Forces Shaping The Future of M&A Integration

Mergers and acquisitions (“M&A”) can spark a sense of excitement and urgency in companies. The work after closing the deal offers an opportunity for employees in the integration team to expand their role beyond their day-to-day work. Employees from both companies have to work together to achieve a common goal, seamless integration of two businesses into one. Executive expectations for a smooth and fast integration remain high, while trends are forcing a change in the M&A integration process. With the traditional workspace changing, technology continuing to progress, increased specialization amongst employees, and the expectation of more active integration management, companies have to be prepared to embrace these driving forces in the M&A space.
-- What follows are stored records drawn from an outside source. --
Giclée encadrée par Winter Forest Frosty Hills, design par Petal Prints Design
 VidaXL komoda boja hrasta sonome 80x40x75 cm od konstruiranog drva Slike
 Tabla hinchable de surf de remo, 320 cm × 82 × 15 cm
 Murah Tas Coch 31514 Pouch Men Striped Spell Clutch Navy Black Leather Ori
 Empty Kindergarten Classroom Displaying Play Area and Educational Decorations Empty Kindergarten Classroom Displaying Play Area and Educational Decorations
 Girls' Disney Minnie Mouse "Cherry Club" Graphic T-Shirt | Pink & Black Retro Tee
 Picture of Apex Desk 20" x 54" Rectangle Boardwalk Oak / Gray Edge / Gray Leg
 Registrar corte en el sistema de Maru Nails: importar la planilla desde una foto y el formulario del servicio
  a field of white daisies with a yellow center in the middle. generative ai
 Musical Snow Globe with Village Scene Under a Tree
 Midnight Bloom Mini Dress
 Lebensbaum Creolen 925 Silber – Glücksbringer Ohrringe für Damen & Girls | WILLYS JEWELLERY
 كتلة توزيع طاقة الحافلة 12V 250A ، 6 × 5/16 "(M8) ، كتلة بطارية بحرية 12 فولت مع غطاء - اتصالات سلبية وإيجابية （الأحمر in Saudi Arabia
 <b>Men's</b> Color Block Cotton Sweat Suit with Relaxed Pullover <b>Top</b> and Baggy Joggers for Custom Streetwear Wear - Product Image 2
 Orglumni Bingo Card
Strategic Integration Management

Acquisitions achieve their full success when the integration realizes the deal value in a timely manner. In a desire to validate the strategic acquisition, companies are seeking immediate value from these deals and top-down management is instrumental to driving results. To reach these goals, integration workstreams must collaborate and avoid working in silos. Strategic direction from the Integration Management Office (“IMO”) ensures workstreams maintain open communication and drives the company into a sustainable growth period. This requires IMO leaders to provide insight and guidance as well as take on the additional role as mentor to those involved.

Distributed Teams

M&A integration teams come from diverse functions that may operate at disparate locations. The buyer, seller, and respective functional teams such as finance, HR, operations, sales, marketing, and IT may work from different geographies. The hybrid working trend has been gaining ground since the late 90s, and accelerated in recent years. In response to the Covid-19 pandemic, companies quickly shifted to a hybrid or utterly virtual work environment. With decentralized M&A integration teams comes the need for technology that can take the place of in-person communication, whether that be software for virtual meetings or a quick way to receive up-to-the-minute updates from colleagues that M&A integration projects require.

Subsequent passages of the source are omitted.